Although Carnival happens all over the island we decided to see the main celebration held in the capital Fort de France. Before it had started there were a dozens of new market stalls sprung up selling this years carnival fashion - fishnet tights and gloves, luminous leg warmers, feather boas and chiffon skirts (mainly in black or red) adorned with hundreds of coins and sequins.

We were to find that this costume was de rigueur for all genders!

A tented village was set up in the corner of the park, by the main parade road, to be filled with food vendors. Crepes, frites, Paninis, bokits and baguettes all available to help you through the day. We enjoyed several evenings there, sitting at the table watching the crowds.  

By lunchtime on Saturday most shops and businesses had closed and not to open again until Thursday.

 

Samedi Gras – Sortie des Reines.

Saturday afternoon was the first day of Carnival and assorted Carnival Queens and Princesses toured the streets on decorated trucks. The crowd was big and we were beginning to see the difference between Carnival in Grenada and France.

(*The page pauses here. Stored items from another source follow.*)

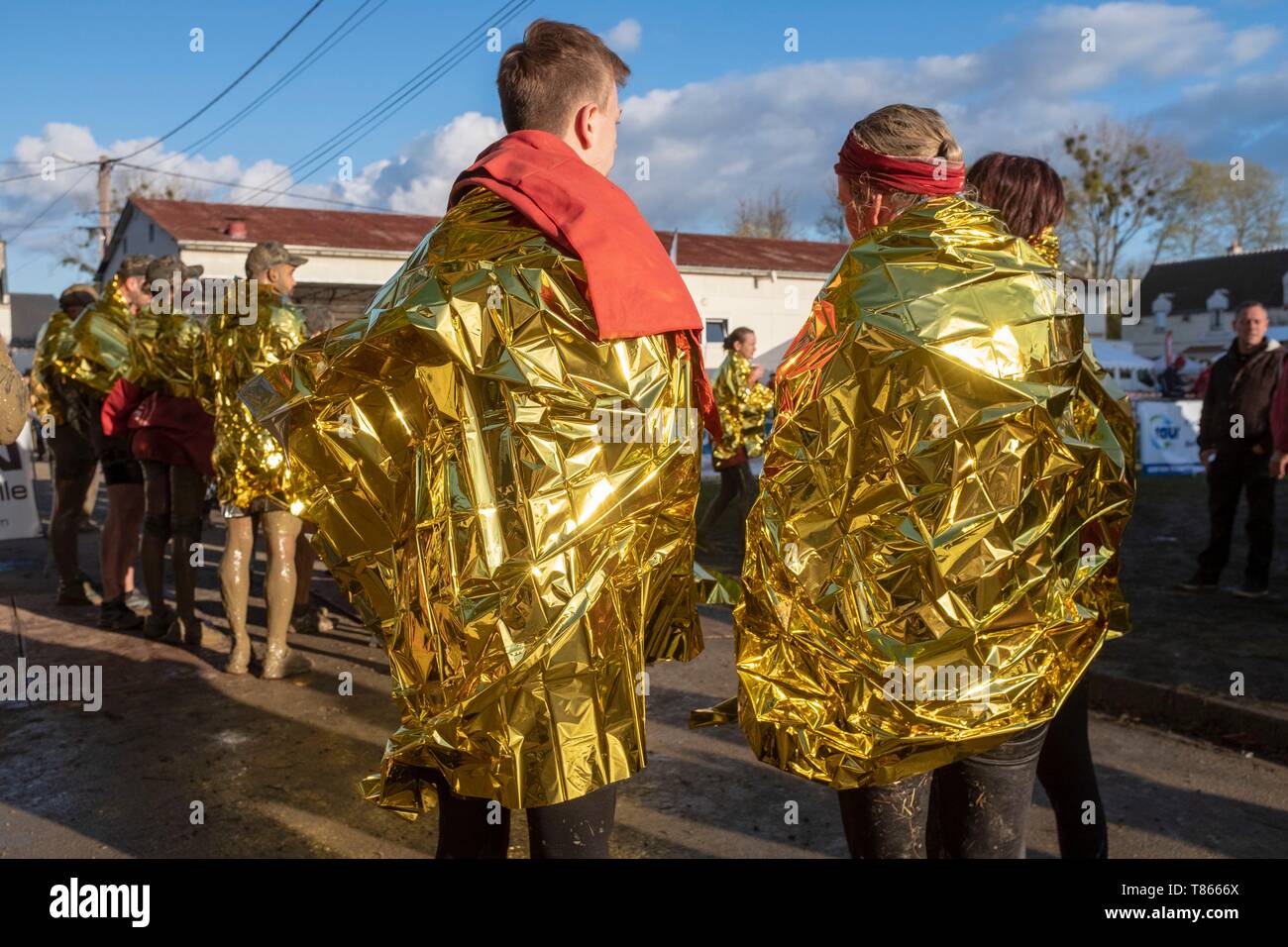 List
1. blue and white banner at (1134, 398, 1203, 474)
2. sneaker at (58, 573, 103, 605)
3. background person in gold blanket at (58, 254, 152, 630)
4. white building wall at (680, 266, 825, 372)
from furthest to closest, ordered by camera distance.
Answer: white building wall at (680, 266, 825, 372) → blue and white banner at (1134, 398, 1203, 474) → sneaker at (58, 573, 103, 605) → background person in gold blanket at (58, 254, 152, 630)

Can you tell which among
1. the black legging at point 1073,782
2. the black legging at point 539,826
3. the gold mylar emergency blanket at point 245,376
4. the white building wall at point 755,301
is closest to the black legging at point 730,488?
the gold mylar emergency blanket at point 245,376

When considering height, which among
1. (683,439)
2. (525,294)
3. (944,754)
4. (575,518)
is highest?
(525,294)

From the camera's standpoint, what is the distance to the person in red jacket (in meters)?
5.96

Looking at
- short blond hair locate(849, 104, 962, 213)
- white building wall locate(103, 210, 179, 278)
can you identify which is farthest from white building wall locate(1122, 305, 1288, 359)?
short blond hair locate(849, 104, 962, 213)

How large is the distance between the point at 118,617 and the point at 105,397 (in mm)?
1397

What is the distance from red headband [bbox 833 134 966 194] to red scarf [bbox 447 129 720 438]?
18.1 inches

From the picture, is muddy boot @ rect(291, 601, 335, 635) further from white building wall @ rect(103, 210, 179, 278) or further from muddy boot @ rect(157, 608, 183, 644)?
white building wall @ rect(103, 210, 179, 278) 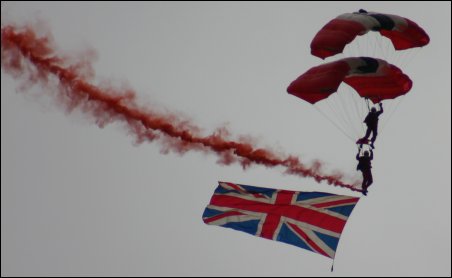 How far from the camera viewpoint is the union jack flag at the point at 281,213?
39719 mm

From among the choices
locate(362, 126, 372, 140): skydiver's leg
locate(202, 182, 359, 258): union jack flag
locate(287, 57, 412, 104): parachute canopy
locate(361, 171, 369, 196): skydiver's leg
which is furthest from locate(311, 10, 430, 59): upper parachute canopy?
locate(202, 182, 359, 258): union jack flag

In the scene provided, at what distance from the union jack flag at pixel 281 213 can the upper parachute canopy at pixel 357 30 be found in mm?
A: 4345

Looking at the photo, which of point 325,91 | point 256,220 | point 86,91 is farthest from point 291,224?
point 86,91

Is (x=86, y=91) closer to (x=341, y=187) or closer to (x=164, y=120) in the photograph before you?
(x=164, y=120)

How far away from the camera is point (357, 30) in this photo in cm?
3903

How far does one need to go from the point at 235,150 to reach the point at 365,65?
682cm

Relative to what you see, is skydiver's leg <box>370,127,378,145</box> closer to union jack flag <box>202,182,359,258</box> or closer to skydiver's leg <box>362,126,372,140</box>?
skydiver's leg <box>362,126,372,140</box>

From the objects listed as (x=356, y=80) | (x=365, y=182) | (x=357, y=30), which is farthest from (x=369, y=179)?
(x=357, y=30)

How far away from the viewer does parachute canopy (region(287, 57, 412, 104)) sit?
3866 centimetres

In France you watch the people as much as the parade.

Nearly everyone dressed up for carnival. For anyone under thirty, male and female, the costume was as follows: very short and figure hugging hotpants, fishnet tights (usually red or black, sometimes both) several pairs of leg warmers pushed down to ankle level. The most we saw was six on each leg and temperature was still in the mid 80's! Sometimes the men would forget the shorts and just wear tights and thongs! Upper bodies could be t-shirts, bikini tops or naked as long lots of glitter was involved. Hair was often dyed or plaited with multi coloured braid.  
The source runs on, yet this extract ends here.